Bakın, benim derdim ve muhatabım buradaki önceki günkü bakan değil, benim derdim sizsiniz.
BAŞKAN - Biliyorum.
AHMET YILDIRIM (Muş) - Çünkü şu Komisyondaki en yüksek iradi makam sizin tarafınızdan doldurulmuş durumda. Ben sizinle kişisel olarak çok farklı düşünsem bile, ben temsil etiğiniz iradi makam açısından da olsa saygı duyarım ve duymaktayım. Siz orada değil, Şükrü Bey oturduğu zaman da o makama aynı saygıyı göstermekten hiçbir zaman imtina etmedim ve şu bileşenin de en yüksek makamında oturuyorsunuz. Bakın, hiyerarşik olarak buraya gelen sayın bakanlarla aranızda ast-üst ilişkisi eğer değerlendirilecekse siz en üsttesiniz şu oturum açısından söylüyorum, şu Komisyon açısından söylüyorum. Ve Genel Kurulda Genel Kurulu yöneten Meclis Başkanı hangi yetkiyi haizse siz de bu Komisyon açısından o yetkiyi haizsiniz ve burada, gerek İç Tüzük'e gerekse genel toplumsal görgülere aykırı herhangi bir söz ve eylem vuku bulduğu zaman bunu düzeltmekle mükellef olan sizsiniz. Bu anlamda da yönetim anlayışınızın üzerine -önceki günkü okuduğum tutanaklar üzerinden söylüyorum- iki tespitim var:
Bir: Ben utandım, bir bakanın o cümleleri o kadar rahat kullanma biçiminden ve üslubundan utandım.

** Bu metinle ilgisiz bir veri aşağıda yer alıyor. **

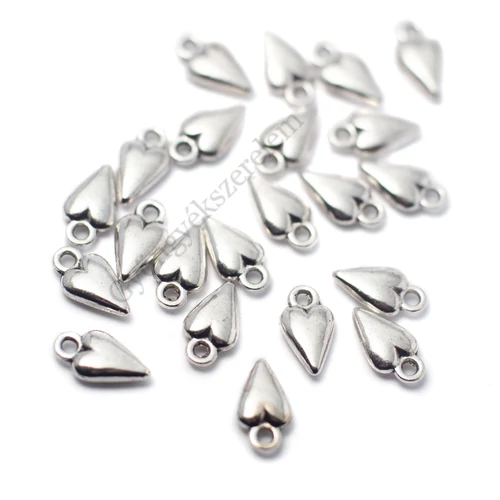 Szív fityegő, medál, antik ezüst, 13x7 mm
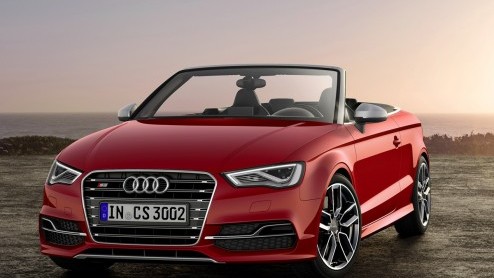 Audi heeft de S3 Cabriolet onder het doek vandaan gehaald. De zomerse variant kan net als de gesloten versie rekenen op een 300 pk en 380 Nm krachtige 2.0 TFSI.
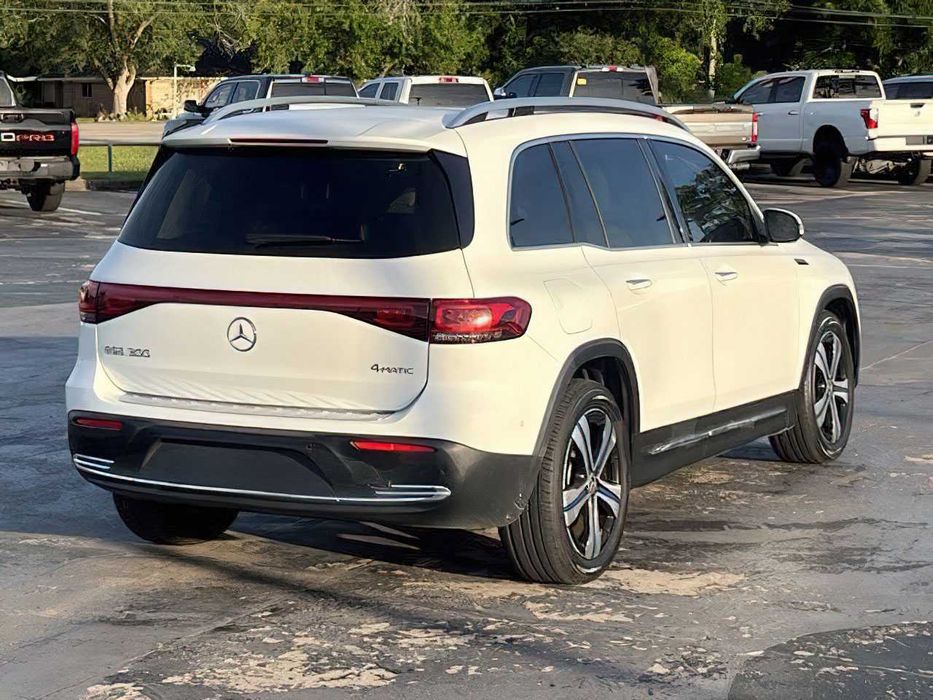 Mercedes-Benz EQB 300 4MATIC      2022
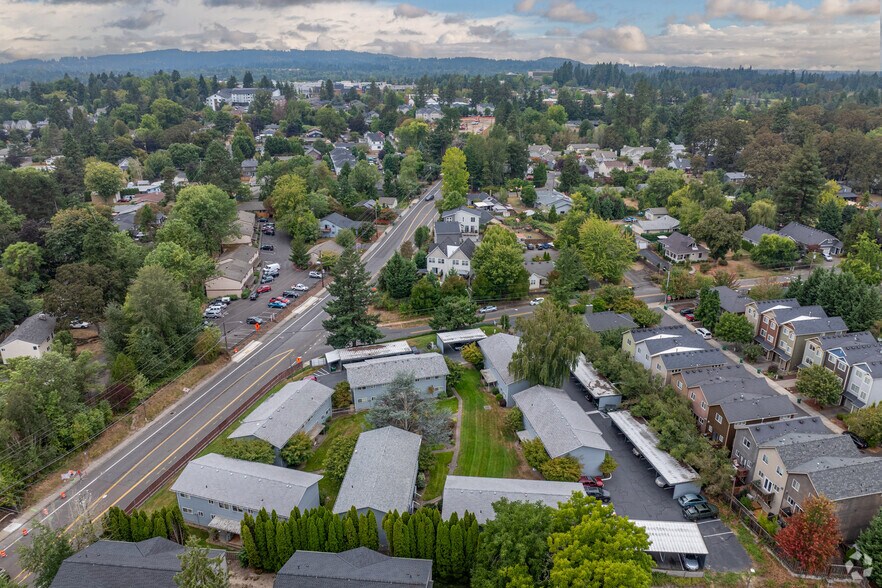More Photos Of 9550 SW Washington Dr, Portland Apartments For Sale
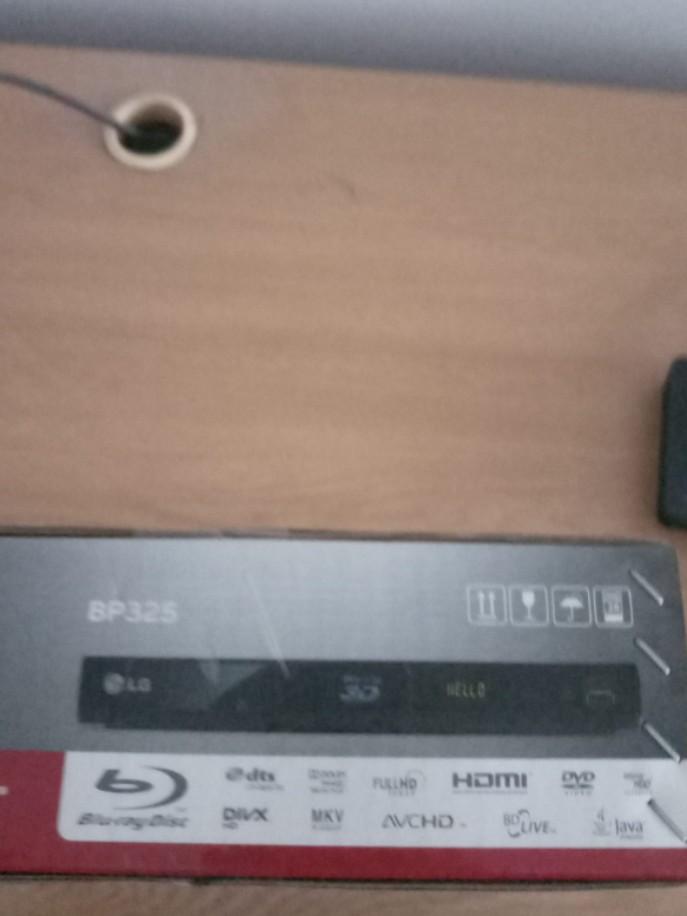 LG bp325 blu ray dvd player brand new in box, TV & Home Appliances, TV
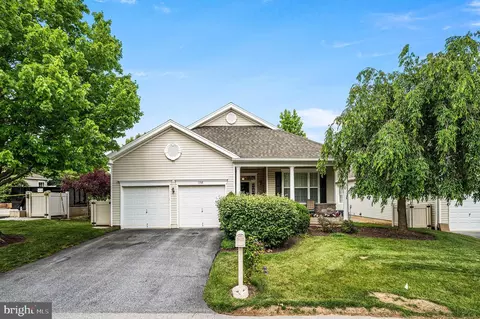 1368 Troon Ln, West Chester, PA 19380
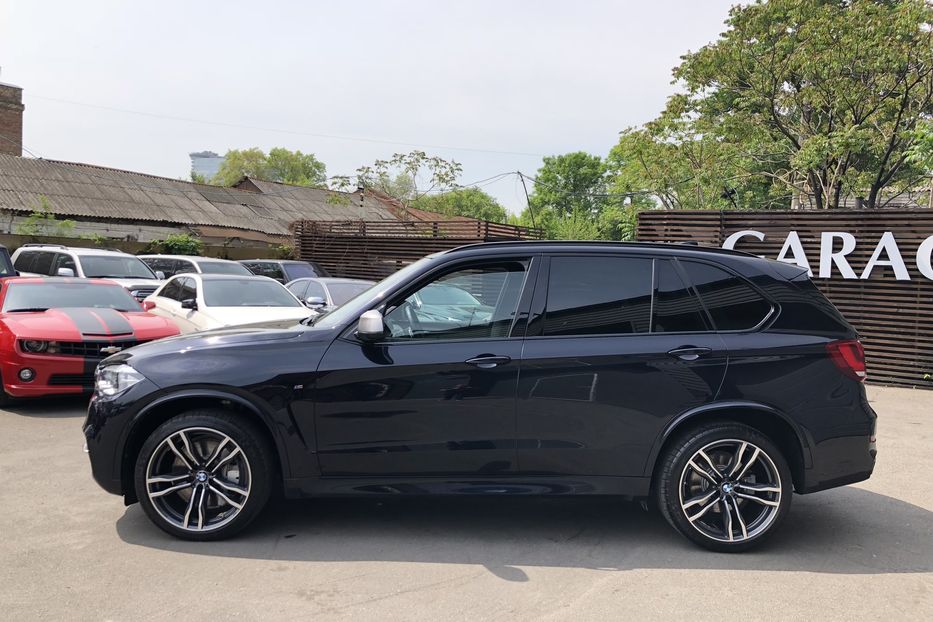 Продам BMW X5 M50D 2017 года в Киеве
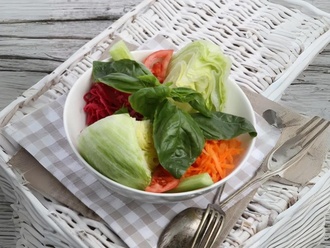 Mevsim Salata görseli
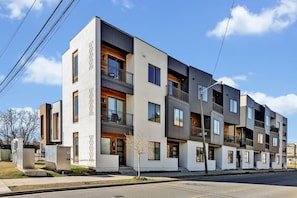 Exterior - The Outlaw, Short Uber to Downtown Nashville/Broadway (Nashville)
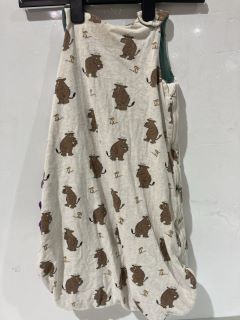 QTY OF ASSORTED CHILDREN'S CLOTHES TO INCLUDE GRUFFALO PLAYSUIT 6-12 MONTHS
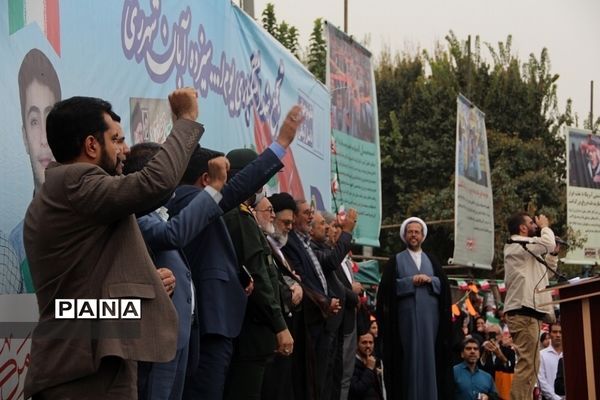 حضور دانش‌آموزان ناحیه‌یک شهرری در راهپیمایی یوم‌الله ۱۳ آبان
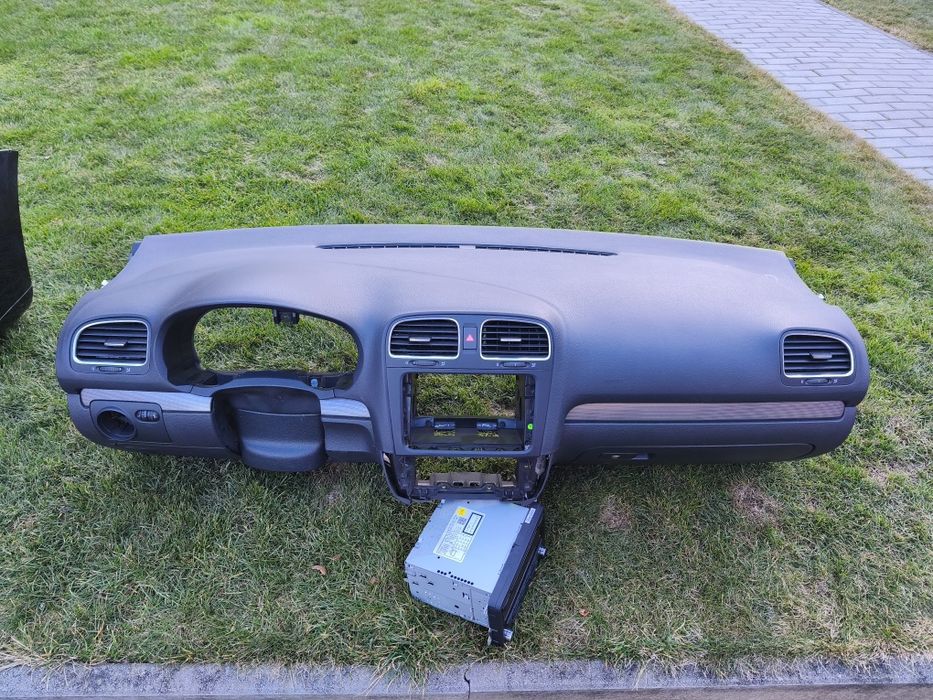 Planșa bord Volkswagen Golf 6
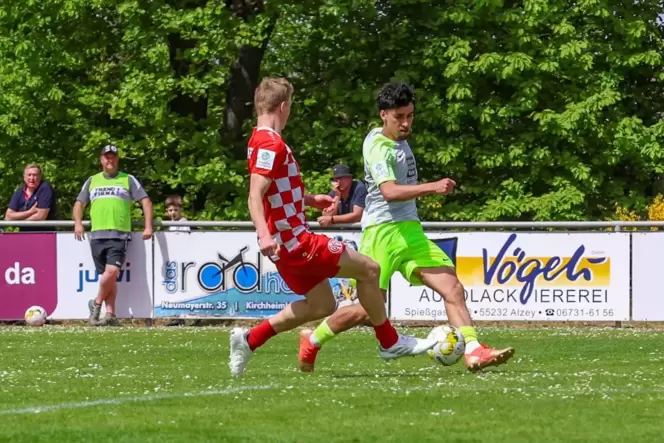 Duell zwischen Bastian Görtler aus Mainz und Yasin Zor vom FCK.
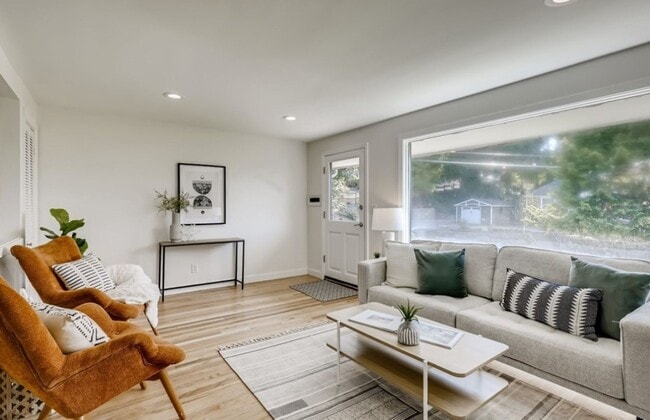 Building Photo - 3Bd/1.75Ba Seattle House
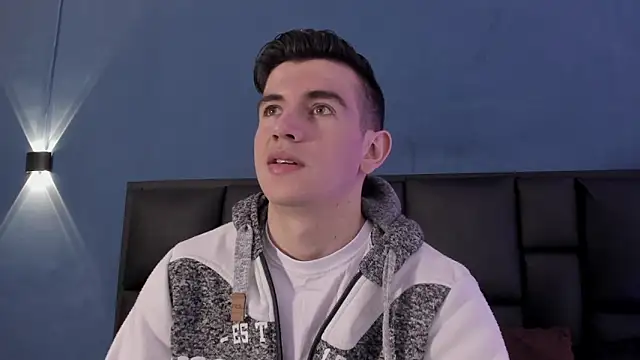 MikaelSlow online show from 8, 10, 2025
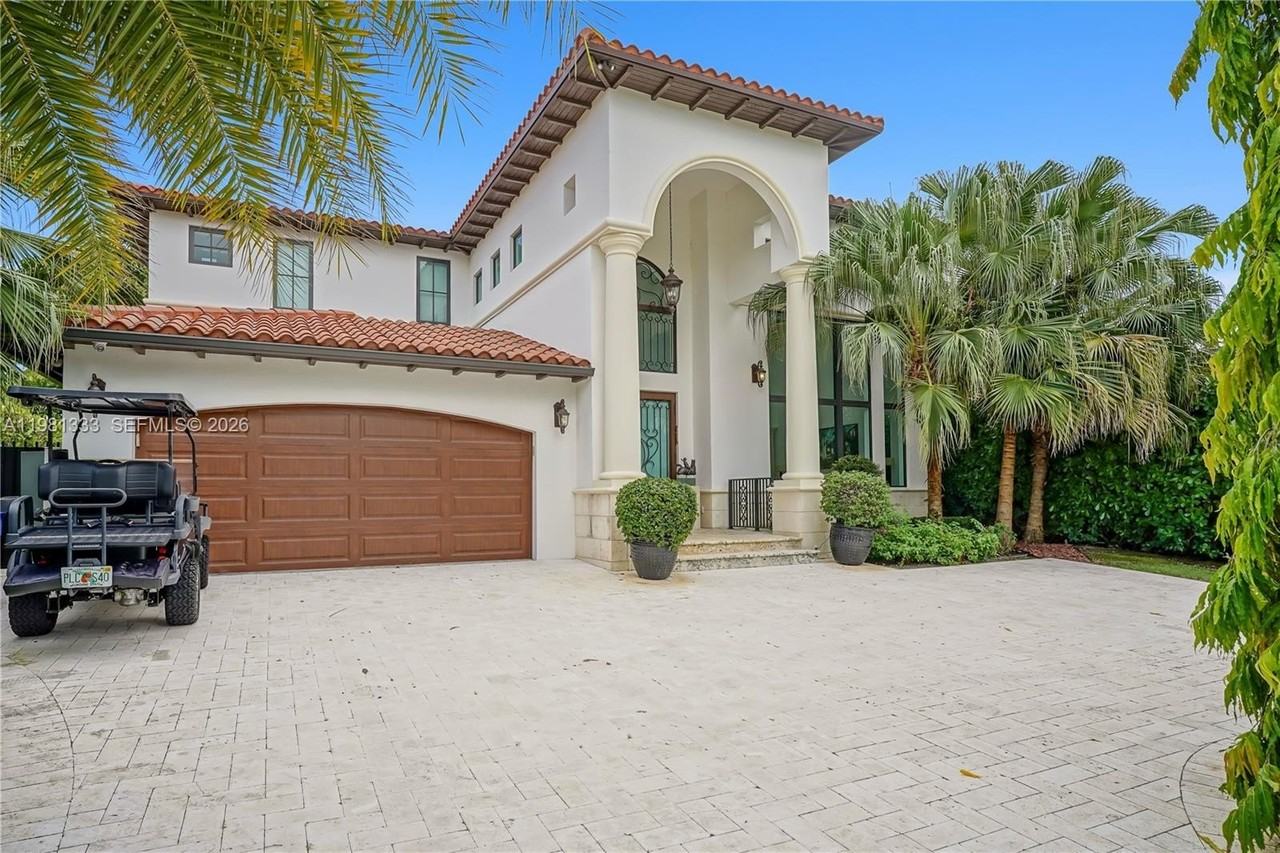 3747 Prairie Ave #0 - Photo 3 of 50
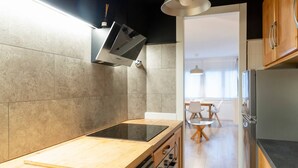 Coffee/tea maker, fridge, microwave, oven - Steps from Grandvalira  Cozy Ski Haven+Parking

 (Soldeu)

Sayın Bakan, arzu ederseniz sizin de okumanızı öneririm çünkü nihayetinde aynı Kabinede çalışıyorsunuz.
İki: Sizin yönetim anlayışınız üzerine önceki günkü sorunu böyle geçiştirerek meşruiyet gölgesi düşürdünüz Sayın Başkan, açık söylüyorum.
Bakın, bu Parlamentonun üçüncü büyük grubunun grup başkanına ve Eş Genel Başkanına kimse kalkıp o cümleleri kullanamaz, kullanıldığı zaman bu Genel Kurulda da olsa, o oturumu yöneten en yüksek makamdaki kişi tarafından düzeltmeye ve özre davet edilir. Bunu bu Parlamentoda benden daha tecrübeli biri olarak siz daha iyi bilirsiniz Sayın Başkan. Ya değilse, bizim sizin temsil ettiğiniz iradeyle ilgili hiçbir sorunumuz yok. Eğer iş kişilik sorgulamasına ve nitelemelere girecekse ben iki saat önceki gün buraya gelen Sayın Bakanla ilgili değerlendirme yaparım.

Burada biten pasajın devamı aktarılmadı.